Um deles é o software Prism, que permite acesso aos e-mails, conversas
online e chamadas de voz de clientes de empresas como Facebook, Google,
Microsoft e YouTube, entre outras. Outro programa é o Boundless
Informant, para rastrear registros como hora, local, etc., de e-mails
enviados ou recebidos. Há também o X-Keyscore, capaz de reconhecer uma
mensagem escrita em diferentes idiomas em correspondência de e para o
Brasil. E ainda existe o Fairview, pelo qual é possível monitorar
grandes quantidades de informações trocadas por pessoas e empresas em
distintos lugares.
Brasília se destacou como única estação
na América do Sul no mapa descritivo das operações americanas de
espionagem por satélites estrangeiros.
Também era uma das duas cidades-base do
Fornsat, que hospedaram espiões da NSA e da CIA designados para
trabalhar em conjunto nesse programa. Na linguagem característica usada
na documentação copiada por Snowden, eles compunham uma força-tarefa, a
Special Collection Service (SCS). Além de Brasília, haveria outro grupo
em Nova Délhi, na Índia.
A NSA descreve, em apresentação interna
datada de 2002, como opera esse consórcio de agências americanas de
espionagem. O foco, segundo a documentação oficial, está em “converter
sinais de inteligência captados no exterior a partir de estabelecimentos
oficiais dos Estados Unidos, como embaixadas e consulados.” Acrescenta:
“A NSA trabalha junto com a CIA. (…) Agentes da NSA, disfarçados de
diplomatas, conduzem o acervo”. O documento foi feito uma década atrás e
não foi possível confirmar se a prática prossegue.
Essas duas agências mantinham equipes
SCS em 75 cidades, conforme o documento de 2002. Não foi possível saber
se atualmente continuam. Dessas, 65 eram capitais nacionais. Mas os
documentos da NSA deixam claro que apenas nas estações de Brasília e de
Nova Déli, existiam forças-tarefa SCS com trabalho diretamente
relacionado ao programa de espionagem através de satélites de outros
países, o Fornsat.
A ação conjunta proporciona
“inteligência considerável sobre comunicação de lideranças”, esclarece o
documento da NSA de 2002. Ela é facilitada, ressalta, pela “presença
dentro de uma capital nacional”.
Complexo para a coleta
O número de “alvos” é grande: “Sistemas
de comunicação de satélites comerciais estrangeiros são usados no mundo
inteiro por governos estrangeiros, organizações militares, corporações,
bancos e indústrias.” A estrutura desse sistema de coleta de
informações, segundo a NSA, se baseia nas alianças da agência com
empresas privadas, proprietárias ou operadoras: “A NSA, em conjunto com
seus parceiros estrangeiros, acessa sinais de comunicação de satélites
estrangeiros.”
No mapa sobre operações do sistema Fornsat aparecem de forma claramente identificáveis duas importantes bases militares dos EUA.
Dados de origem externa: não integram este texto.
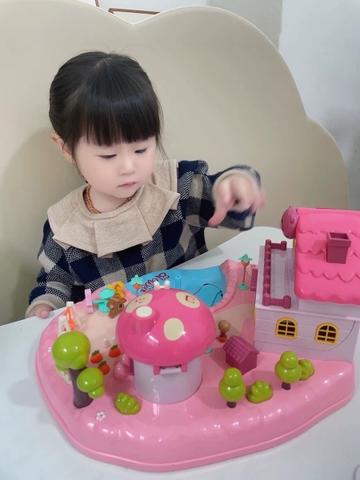 Đồ chơi ngôi nhà búp bê có điều khiển từ tính di chuyển nhân vật, biệt thự công chúa có đèn nhạc dễ thương cho bé gái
Uma é da própria NSA, a de Sugar Grove –
“Timberline” é o seu codinome. Fica no condado de Pendleton, em West
Virginia (EUA). Segundo reportagem de 2005 do jornal “New York Times”,
funciona como uma espécie de central do sistema de coleta de informações
por sinais digitais no lado Leste dos Estados Unidos.
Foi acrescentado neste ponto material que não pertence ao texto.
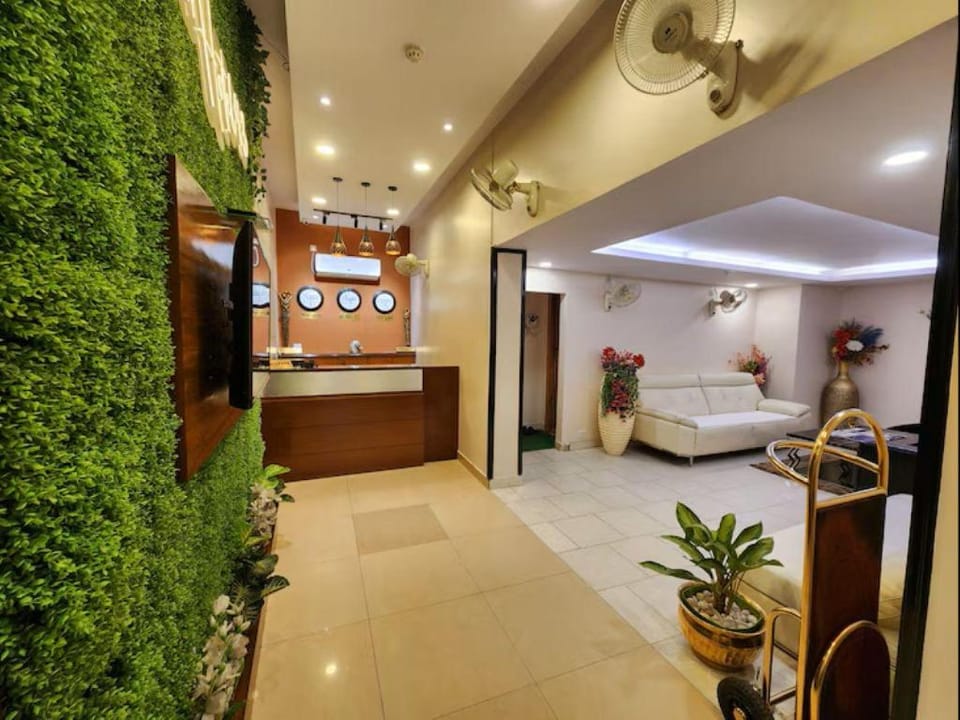 Housez 43 Hotel in Kolkata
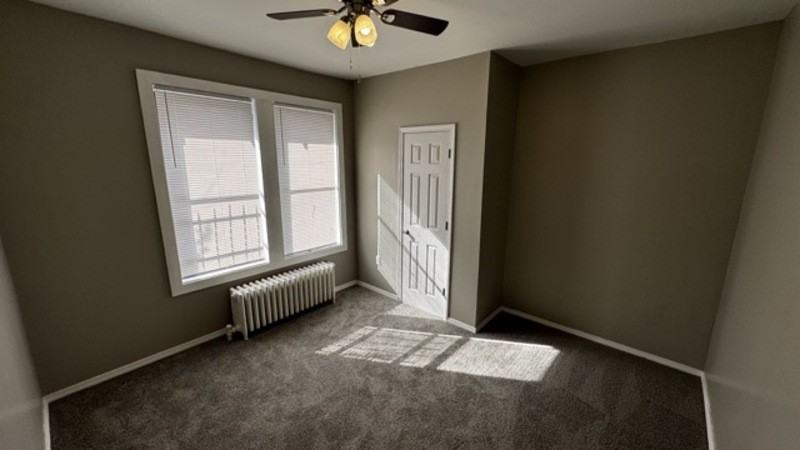 967 Maury St - Photo 7 of 15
Um outro ponto-chave de coleta de dados é
a base de Misawa, no Japão. Ali estão estacionadas unidades da Força
Aérea dos EUA (basicamente, o 35º Fighter Wing) e um grupamento da Força
Aérea de Autodefesa do Japão.
Como as agências de espionagem de outros
países, a NSA sustenta grandes investimentos anuais em tecnologia. É o
resultado de uma obsessão por Inteligência “acabada” – a produção diária
de um conjunto de informações de qualidade para quem detém o poder de
decisão na política governamental doméstica e externa. Mas como tudo é
segredo nesse ramo, os abusos e os fracassos jamais são conhecidos.